Armenia’s National Security Service (NSS) has refused to drop corruption charges brought against a senior government official who actively participated in last year’s “Velvet Revolution.”
The NSS indicted Davit Sanasarian, the head of the State Oversight Service (SOS), in April while investigating alleged corrupt practices within the anti-corruption government agency. It arrested two other senior SOS officials in February, saying that they attempted to cash in on government-funded supplies of medical equipment to three hospitals.
Sanasarian was charged with abusing his powers to help the two men enrich themselves and a private company linked to them. The official, who was suspended as SOS chief as a result, has repeatedly rejected the accusations as “fabricated.” His lawyers asked the NSS to clear him of any wrongdoing after the probe was completed last month.
Sanasarian wrote on his Facebook page late on Thursday that the request has been rejected despite being “substantiated.” He said the case against him is based on “false” incriminating testimony given by Samvel Adian, one of the two other indicted SOS officials.
Sanasarian defended Adian and the other official when they were arrested in February.
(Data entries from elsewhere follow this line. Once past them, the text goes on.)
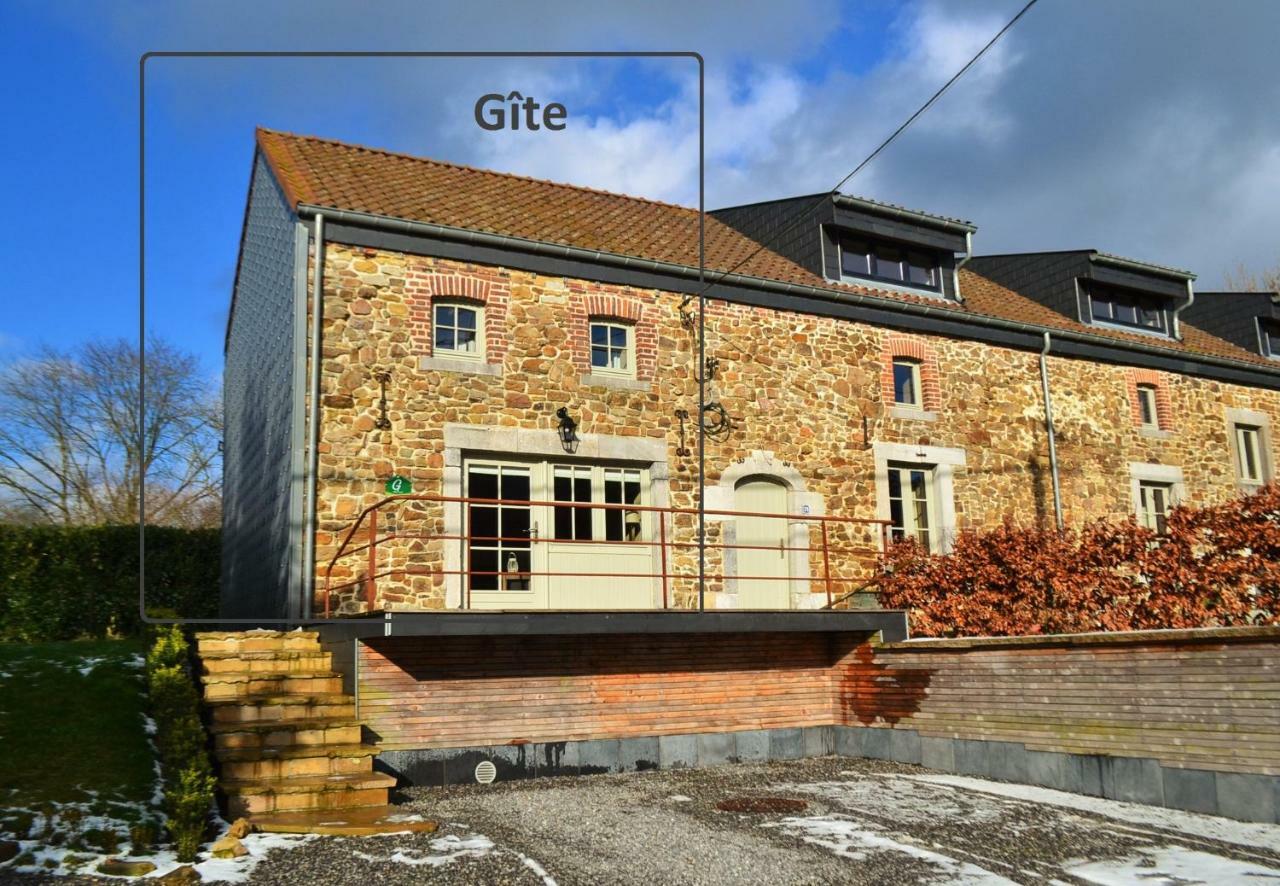 Villa Les Houx De Mathieu Engis Esterno foto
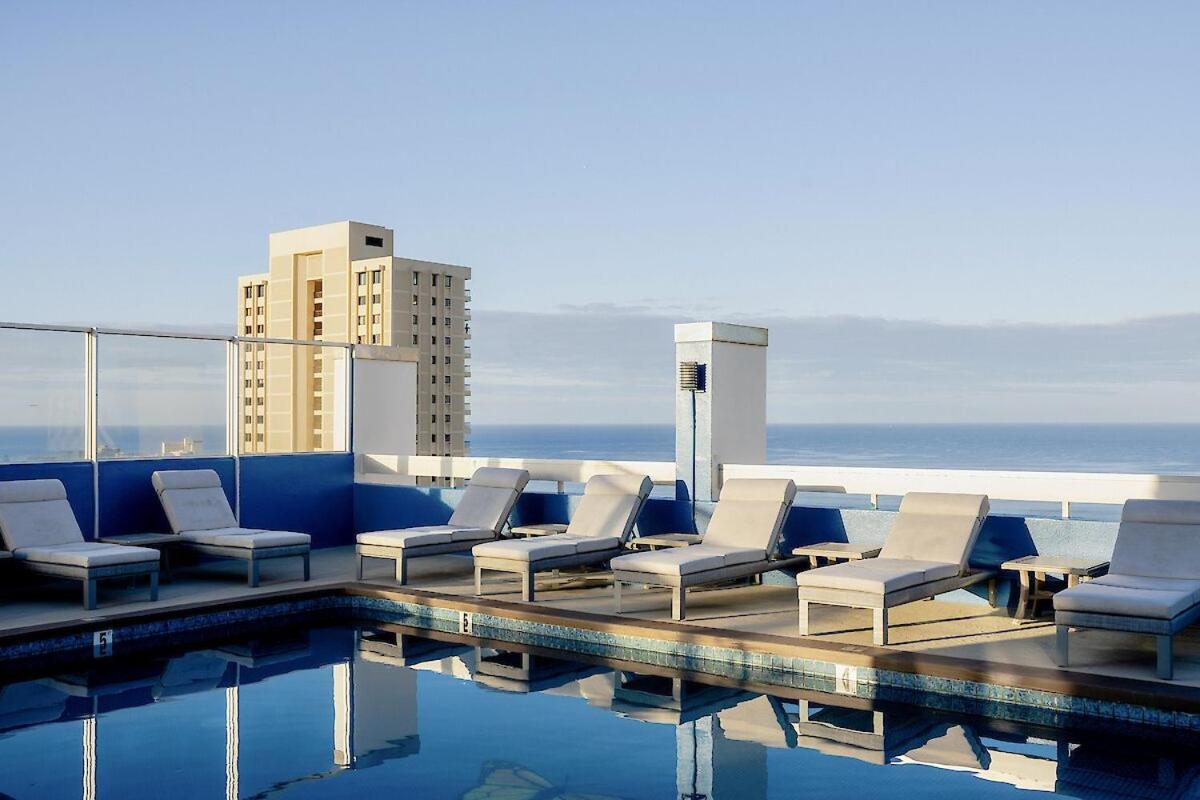 Pacific Monarch Aparthotel Honolulu Exteriör bild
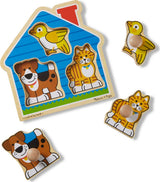 Pets Jumbo Knob Puzzle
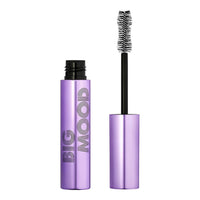 e.l.f. Big Mood Mascara, Instantly Creates Long - Lasting, Bold & Lifted, Voluminous Lashes, Infused with Jojoba Wax, Pitch Black, 0.30 fl Oz - 7DAY'S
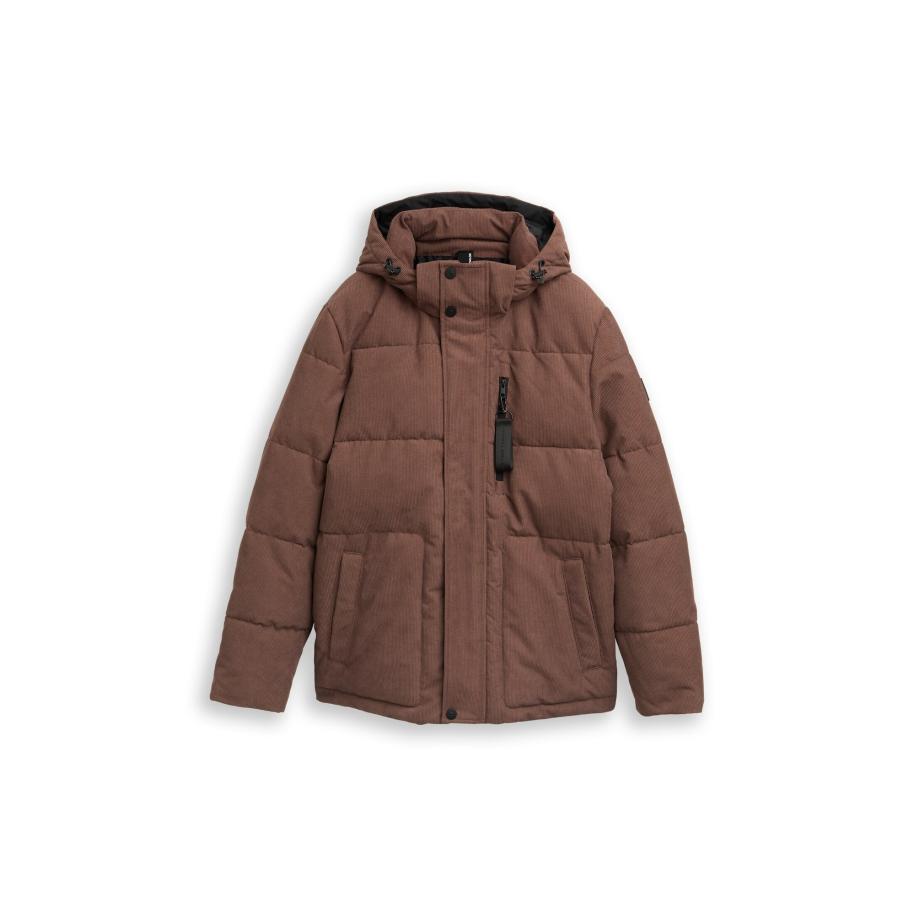 Tom Tailor TOM TAILOR Winterjas bruin -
He said at the time that they are among the SOS’s “best and exemplary employees.”
Sanasarian complained on Thursday that NSS investigators have ignored testimonies given his other subordinates. According to one of his lawyers, Inessa Petrosian, the latter have testified that Sansarian was not aware of Adian’s allegedly illegal interference in the choice of companies supplying expensive equipment for hemodialysis, a treatment of kidney failure.
“Basically, [the investigators] consider only Adian’s testimony to be credible,” Petrosian told RFE/RL’s Armenian service on Friday. She said Sanasarian’s legal team will therefore ask prosecutors not to endorse the criminal case and thus to prevent it from being sent to court.
The NSS director, Artur Vanetsian, has repeatedly defended his investigators’ handling of the high-profile probe.
Sanasarian, 35, is a former opposition and civic activist who had for years accused Armenia’s former leaders of corruption. He was actively involved in last year’s revolution.
Sanasarian’s supporters, among them leaders of some Western-funded civic groups, have voiced support for him and denounced the NSS. Prime Minister Nikol Pashinian hit back at the critics in April. He said that they place their personal relationships with Sanasarian above the rule of law.